Quantum state engineering of spin-orbit coupled ultracold atoms in a Morse potential
Yue Ban, Xi Chen, J. G. Muga, and E. Ya Sherman

TL;DR
This paper presents protocols for full quantum control of spin-orbit-coupled Bose-Einstein condensates in a Morse potential, enabling precise state manipulation for applications in quantum technologies.
Contribution
It introduces invariant-based inverse engineering methods for controlling both internal and motional states of condensates, including interacting systems, with robustness against noise.
Findings
Successful state transfer via Raman coupling and detuning.
Robustness of inverse engineering against noise and errors.
Generalization to interacting condensates with modified detuning.
Abstract
Achieving full control of a Bose-Einstein condensate can have valuable applications in metrology, quantum information processing, and quantum condensed matter physics.

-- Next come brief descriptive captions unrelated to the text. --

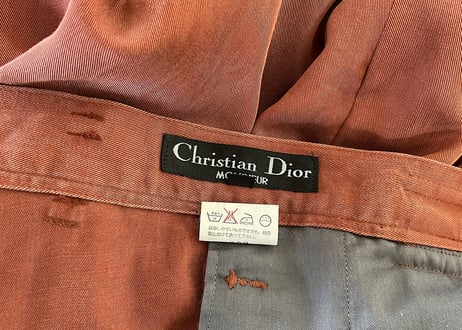 christian dior tack trousers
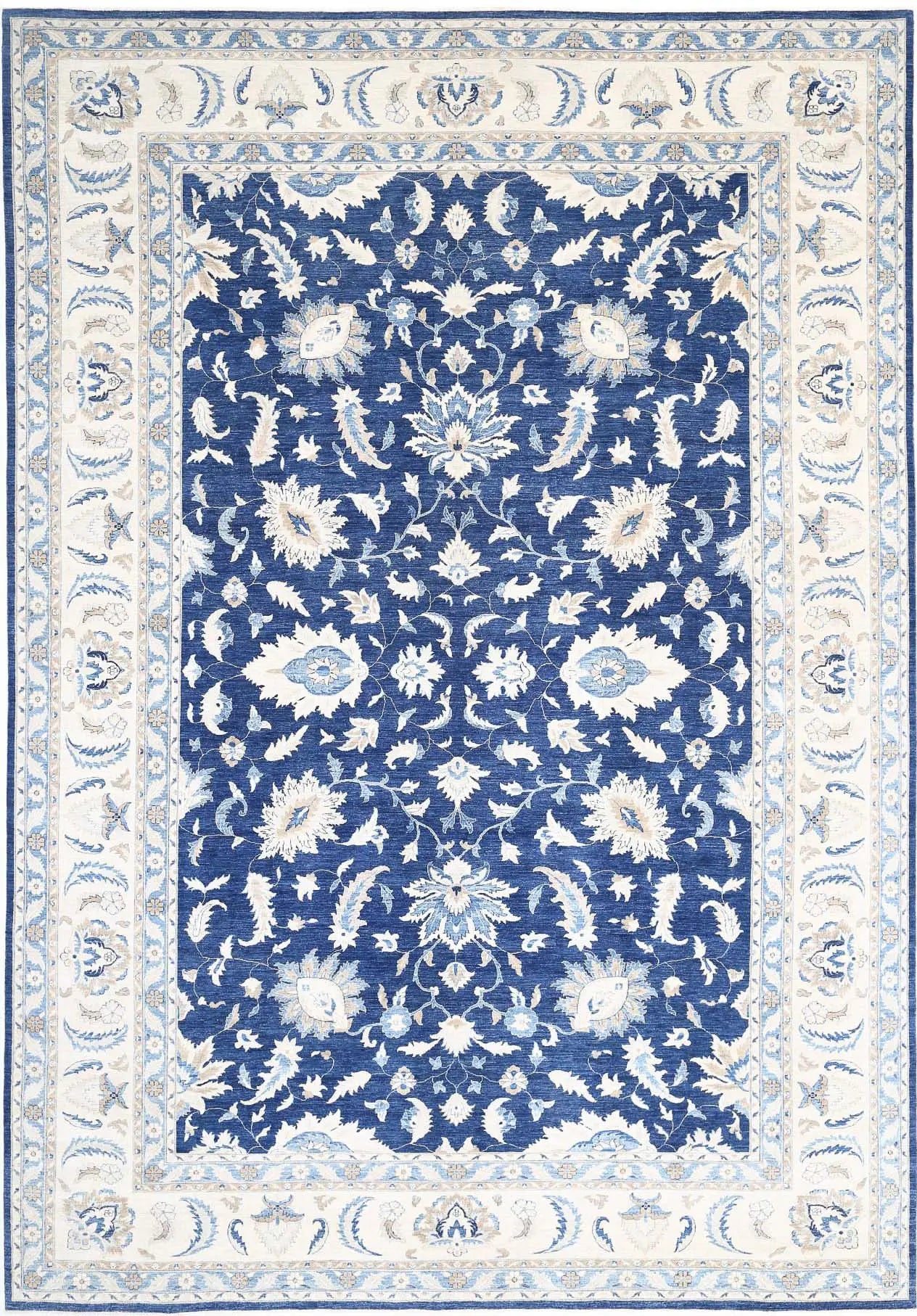 Hand Knotted Ziegler Farhan Wool Rug - 12'11'' x 19'0''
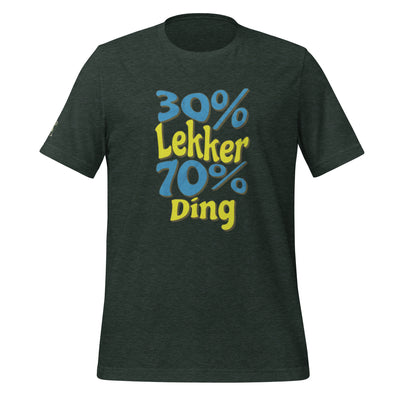 30% lekker 70% Ding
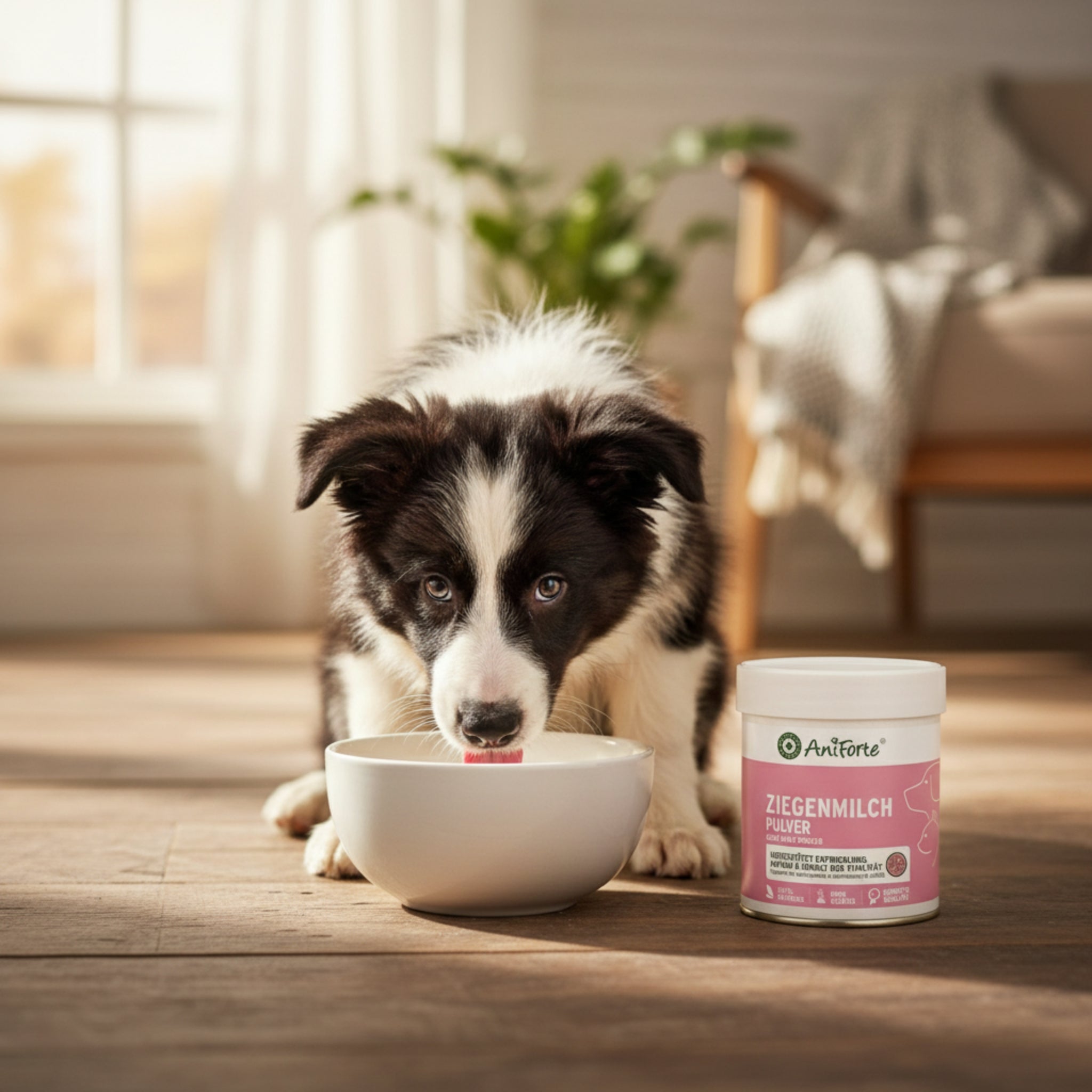AniForte Ziegenmilch Pulver für Hunde & Katzen - Natürliche Aufzucht & Verdauung - Woofshack
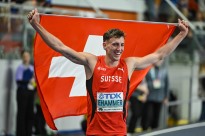 Suíço Simon Ehammer com melhor marca do ano no salto em comprimento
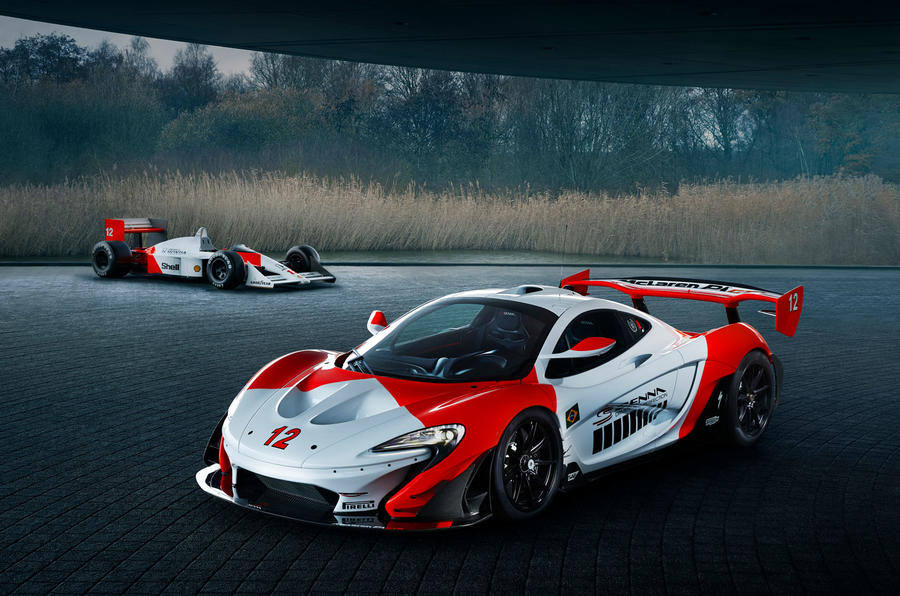 McLaren P1 GTR inspired by Senna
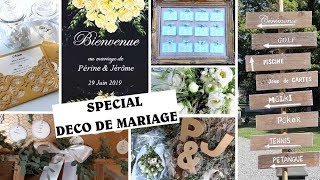 FABRIQUER SES DECORATIONS DE MARIAGE [upl. by Neerehs285]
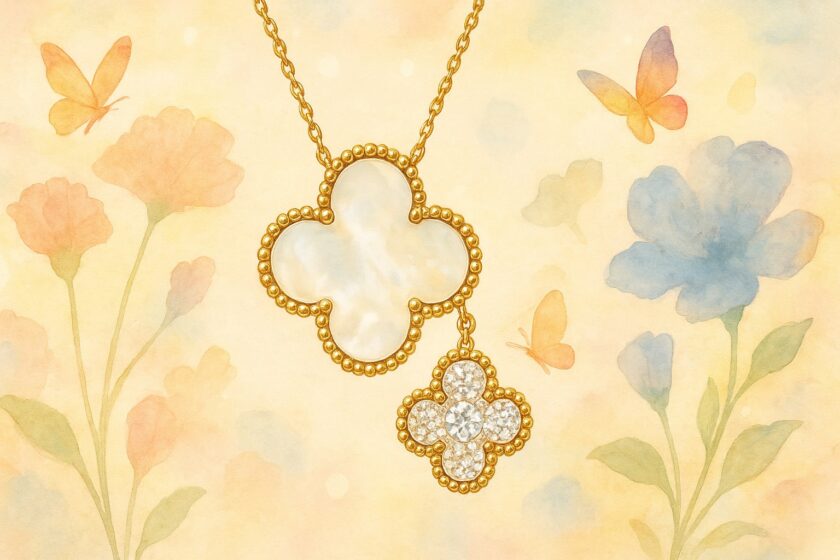 Акварельная композиция Van Cleef & Arpels Alhambra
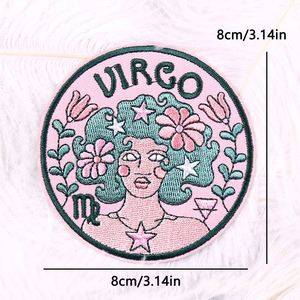 Patchs thermocollants Douze Constellations pour vêtements, badges brodés, vente en gros, logo personnalisé, prix d'usine, patchs signes du zodiaque - Product Image 4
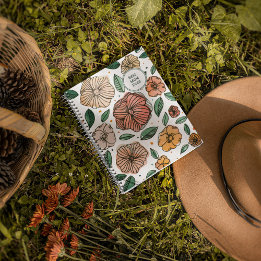 Beste Mama Vintage Aquarell- und Tinte-Blume Notizblock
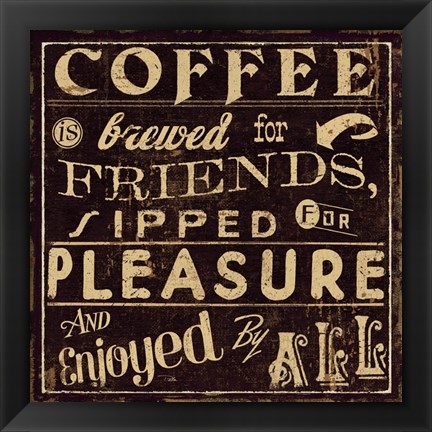 Framed Coffee Quote II Print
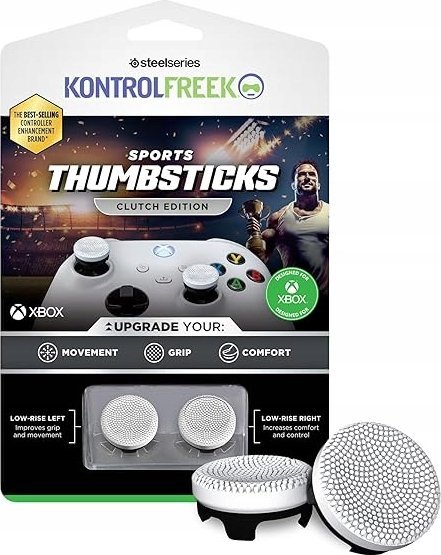 Shtesa thumbstick Kontrol Freek Sports për Xbox, Clutch, të bardha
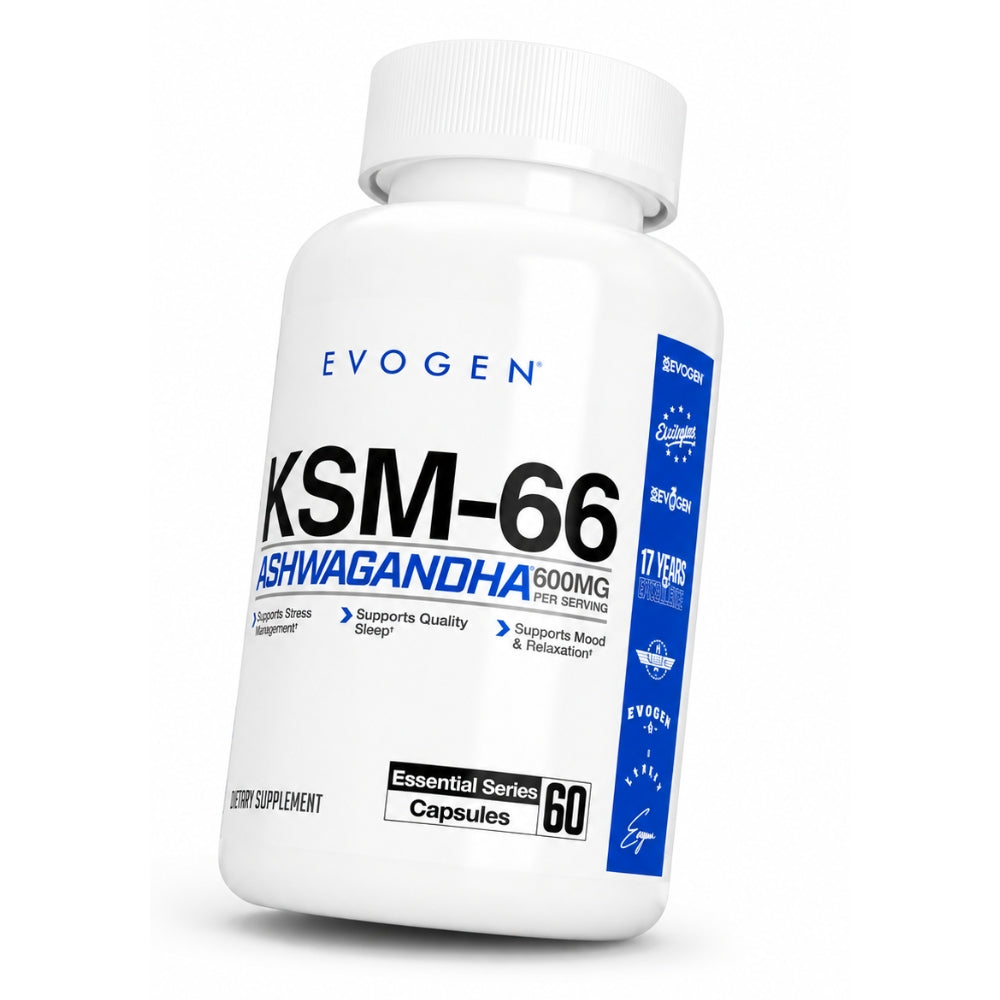 Ashwagandha Evogen KSM-66 600mg 60 Cápsulas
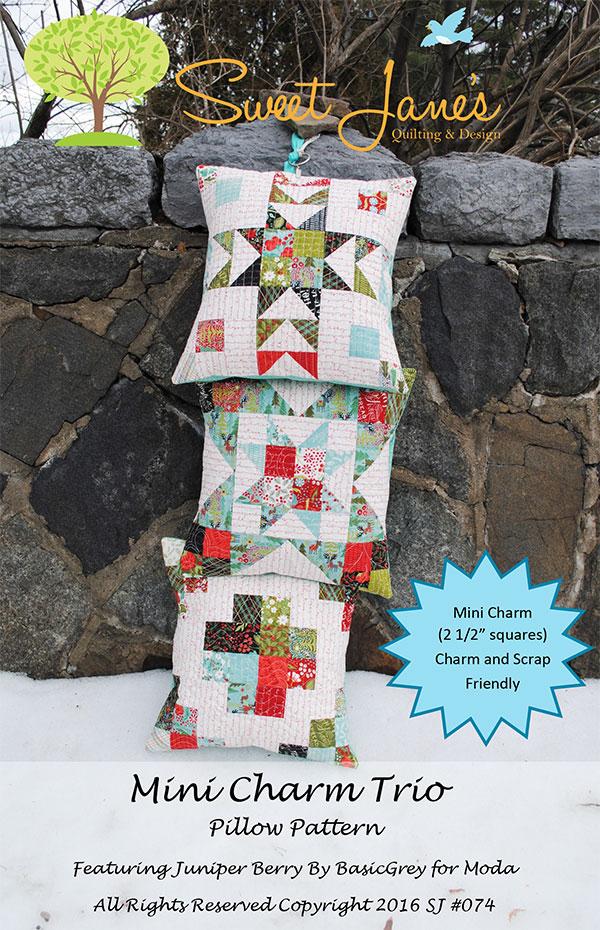 Mini Charm Trio Pillow Pattern - SJ 074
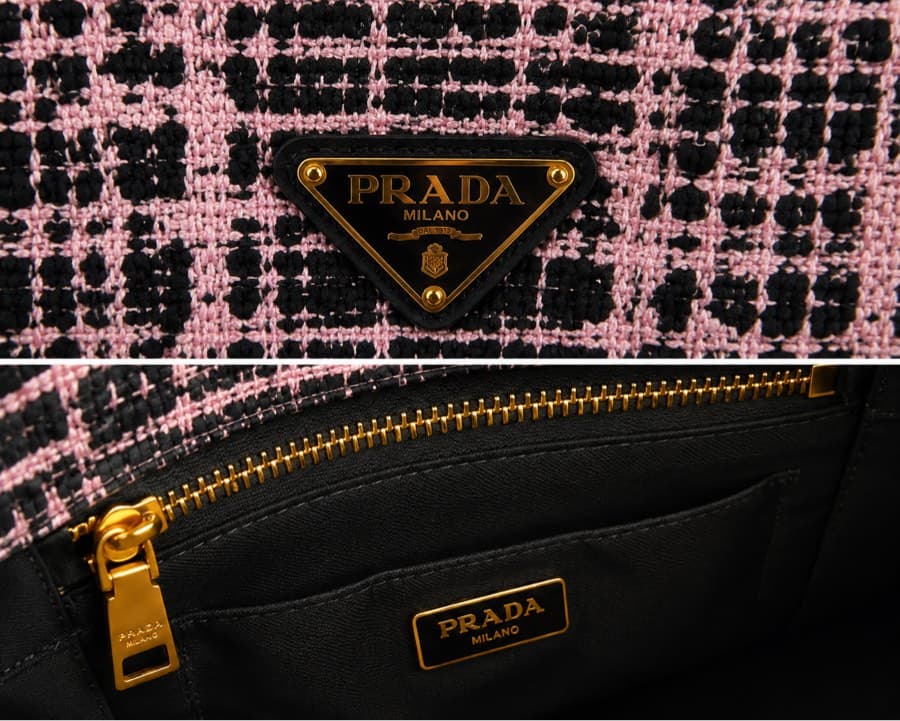 Prada Tweed Tote Bag thumbnail 2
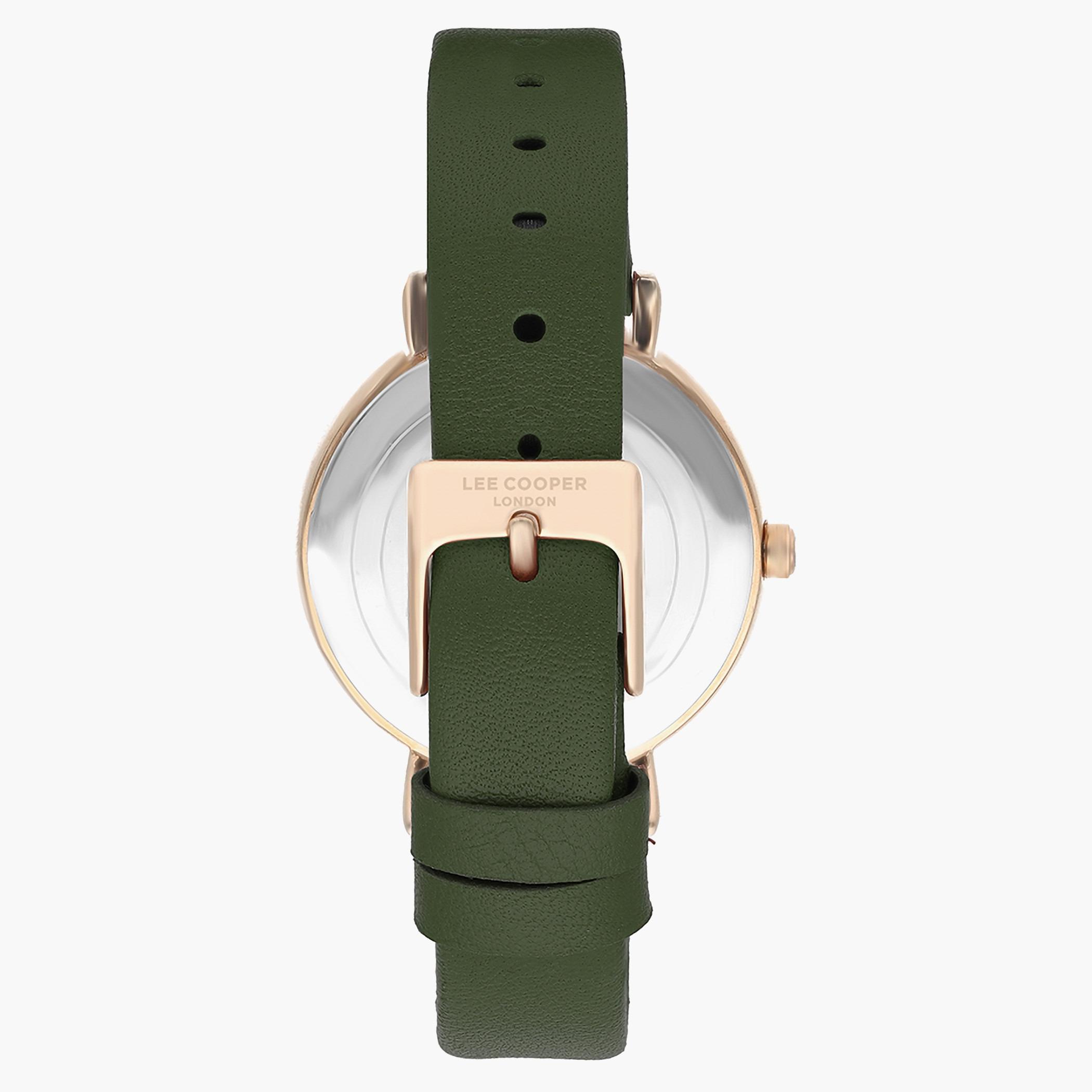 Lee Cooper Men Leather Green Strap Analog Watch - LC07248.475-men-watchesandjewellery-watches-image-3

We propose protocols to simultaneously control the internal (related to its pseudospin-1/2) and motional (position-related) states of a spin-orbit-coupled Bose-Einstein condensate confined in a Morse potential. In the presence of synthetic spin-orbit coupling, the state transition of a noninteracting condensate can be implemented by Raman coupling and detuning terms designed by invariant-based inverse engineering. The state transfer may also be driven by tuning the direction of the spin-orbit-coupling field and modulating the magnitude of the effective synthetic magnetic field. The results can be generalized for interacting condensates by changing the time-dependent detuning to compensate for the interaction. We find that…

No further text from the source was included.